The US government’s views are clear. A year ago, the Justice Department stated in a brief that researchers should not expect a court to respect confidentiality pledges made to interview subjects, and that academic freedom was not a defence. Clifford M Kuhn, a historian at Georgia State University who is a past president of the Oral History Association, filed an affidavit on behalf of Boston College in which he said that if Britain’s request was granted, the field of oral history could be damaged. Quoted in the publication Inside Higher Ed, he said in his brief: ‘Trust and rapport are at the very core of the oral history enterprise.’ As part of the process of ‘informed consent’, interview subjects request certain levels of confidentiality, and researchers approve them. ‘The reason for this protocol is to foster candor and openness in the interview itself, so as to most fruitfully and fully enhance the historical record.’

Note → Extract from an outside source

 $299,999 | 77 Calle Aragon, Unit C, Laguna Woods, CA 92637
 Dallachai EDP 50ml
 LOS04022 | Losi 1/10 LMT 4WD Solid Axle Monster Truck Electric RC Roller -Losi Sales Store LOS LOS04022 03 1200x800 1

The Belfast Project does highlight a development that appears to have been taking place quietly for some time, a merging of academic and journalistic research methods and practices in certain areas. Academics are taking on subjects that might have been the preserve of journalists in the past and journalists are producing books with an increasing degree of academic respectability. Technology is speeding things up and journalists are trained to respond quickly. Journalism itself has entered the academy and is having an impact on how research is undertaken in certain areas and also how quickly it sees the light of day.

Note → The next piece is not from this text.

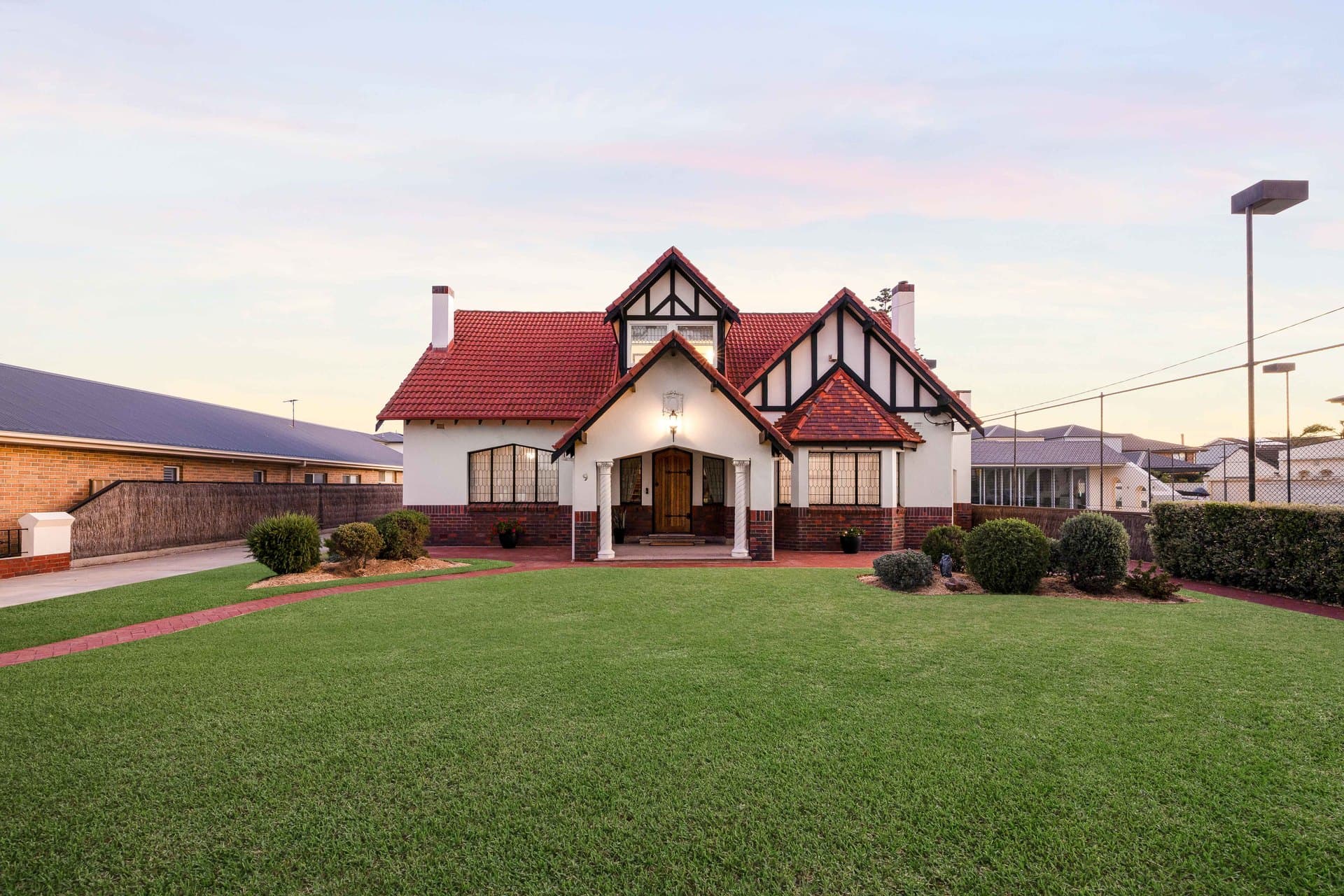 9 Rockingham Street, West Beach - Image 1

Dr Diarmaid Ferriter, one of Ireland’s foremost historians, suggests some caution should be invoked: ‘Practitioners of oral history should follow the 30-year rule in relation to confidentiality that we also have for the release of state papers,’ he told me. ‘Academic historians do not generally approach the confidential sources issue in a way that journalists do for an obvious reason; they are rarely dealing with pressing matters of contemporary concern, nor should they be.’ Ferriter makes the distinction between history and current affairs, adding that the interviewees are talking about people who are still alive. Commenting on oral history itself he said: ‘Alongside the great opportunities it provides to talk directly to participants, it also raises issues of memory, skewed memory, agendas, settling of scores, etc.’
While the Belfast Project might be an extreme case for the oral historian – not many involve murder investigations – the academic community is still watching quietly in the wings. There is the obvious fear of sources drying up, but also that both historians and social scientists are looking at increasingly controversial subject matter, some of it illegal and some of it relating to international relations, or terrorism. Academics fear certain types of research will become impossible if they are perceived as an arm of the police, asking questions, interviewing people for that work to be then handed to the authorities. They, like journalists, want to be able to research, in the public interest, offering confidentiality where appropriate, if that means better research, with better information eventually making its way into the public domain. Whatever the outcome for the Belfast Project it is likely to have a profound impact on the growing area of oral history and probably social science research generally.